Apache Flume External Adapters

< Previous

Two Flume Adapters

The TIBCO StreamBase© Adapters for Apache Flume allow StreamBase to integrate with Apache Flume as either a Flume sink or source. The sink and source run inside the Apache Flume agent process. This means that the process is not an external process; rather, it is loaded as a Flume agent in the context of the Flume system.

StreamBase provides two Flume-related adapters:

Flume External Input Adapter
Flume External Output Adapter

The Flume adapter installation kit includes a sample application. The sample appears in StreamBase Studio's Load StreamBase Sample dialog only after you install the Flume External Adapter kit.

It is possible to install the Flume adapter kit on machines that do not have StreamBase installed. On UNIX platforms, you must also install the StreamBase client JAR file, as described below in the Configuration section.

The adapters are also certified by Cloudera Inc. for use with the Flume services of their CDH 5 product.

Introduction to the Flume Adapters

The Flume Input adapter acts as a Flume sink that consumes Flume events and enqueues them to StreamBase Server. Conversely, the Output adapter acts as a Flume source which dequeues messages from StreamBase Server and emits corresponding Flume events.

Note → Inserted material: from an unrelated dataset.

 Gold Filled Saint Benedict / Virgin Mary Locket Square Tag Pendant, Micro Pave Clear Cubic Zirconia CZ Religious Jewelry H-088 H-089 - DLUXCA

Because the format of Flume events has no predefined format, flexibility was built into the adapter to convert Flume events to and from StreamBase tuples using a plug-in model to load the code responsible for the conversion process.

The adapters support Apache Flume versions 1.1.0 and above.

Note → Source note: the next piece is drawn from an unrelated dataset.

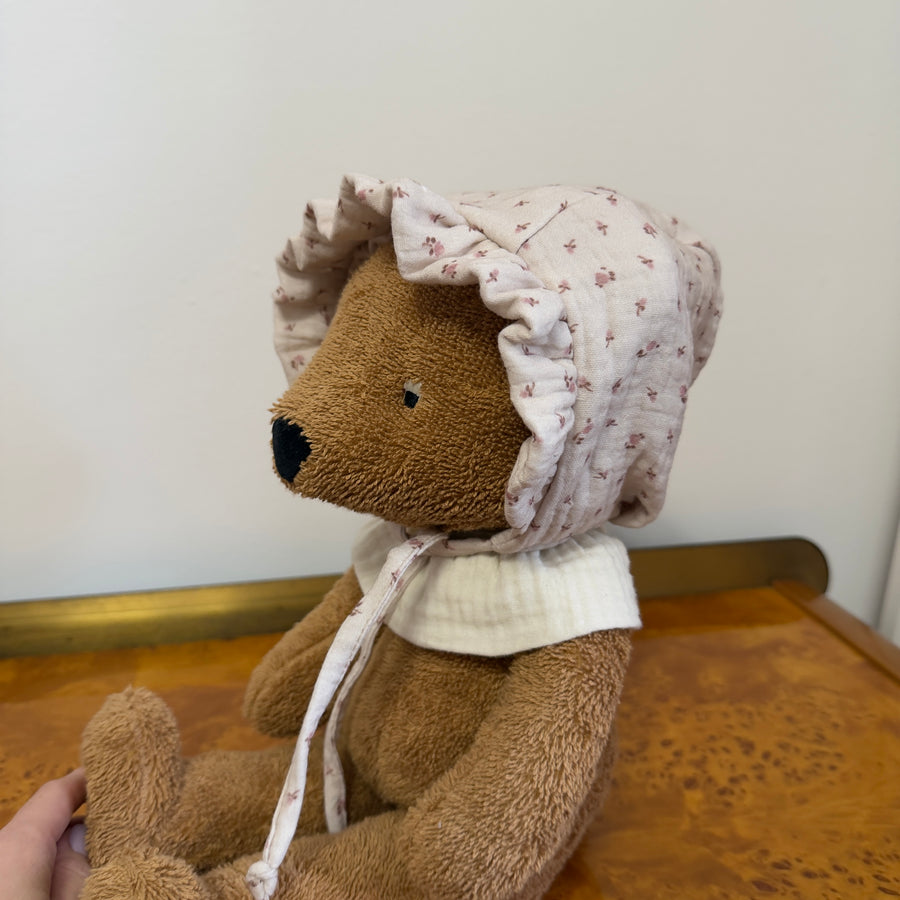 Cappellino in Mussolina di Cotone con Microfiorellini e Ruches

Connection To StreamBase Server

The Input adapter runs as a Flume sink node. This means it connects to a Flume channel and receives Flume events. As it receives such events it converts them to tuples and sends them to a StreamBase Server. Conversely, the Output adapter runs as a Flume source node, receiving tuples from the StreamBase Server and emitting Flume events on the configured Flume channel.

The Flume channel to which the adapter connects is determined by the settings in the Flume configuration file specified by the -f switch when invoking flume-ng. Please refer to the Flume documentation for details on the format of this file.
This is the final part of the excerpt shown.